Les Celtes anciens et modernes ont, de même, fait passer quelques mots de leurs langues dans celles des peuples avec qui ils ont été en relation.


IX. C’est aux Irlandais que reviendrait d’abord la place d’honneur, dans une histoire générale des littératures celtiques. Plus tard les Bretons ont aussi fait preuve d’une certaine activité littéraire, mais non pas tant ceux de l’Armorique que leurs frères restés dans le pays de Galles. C’est, de nos jours, le gallois qui est l’idiome celtique le plus cultivé, et, par là même, le plus capable et le plus digne de vivre.

Mais le parti que les Bretons demeurés dans l’île ont su tirer de leur idiome, en le rendant propre à tous les usages pratiques, littéraires et scientifiques, prouve que le langage des Bretons de France, qui est le même au fond, serait susceptible, lui aussi, de devenir définitivement l’expression parlée et écrite du génie de la noble race qui en garde encore le dépôt.

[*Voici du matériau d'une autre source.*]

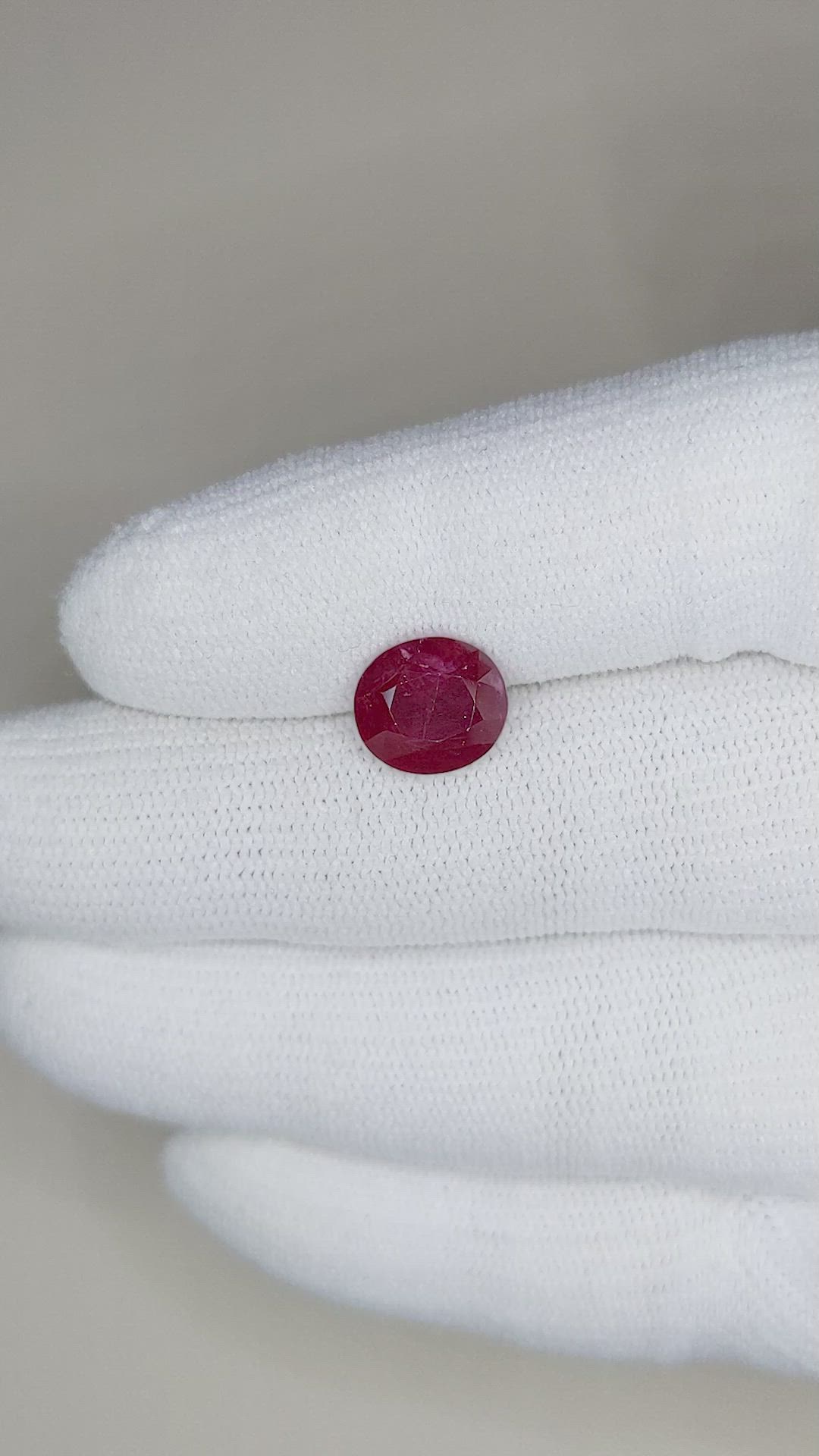 4.30 Ct. Ruby from Mozambique Size Video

Pour cela, il faut et il suffit que les personnes intelligentes et instruites appartenant à cette race, ou s’intéressant à son avenir, qui importe beaucoup à l’avenir de notre grande patrie française, ne craignent pas de consacrer à la langue bretonne une étude attentive, que d’ailleurs elle mérite à tous égards. Car pour qui la connaît bien et l’embrasse dans son ensemble, sa richesse n’est pas moins remarquable en ressources d’expression qu’en témoignages précieux sur l’histoire des autres langues dont elle est parente à des degrés divers.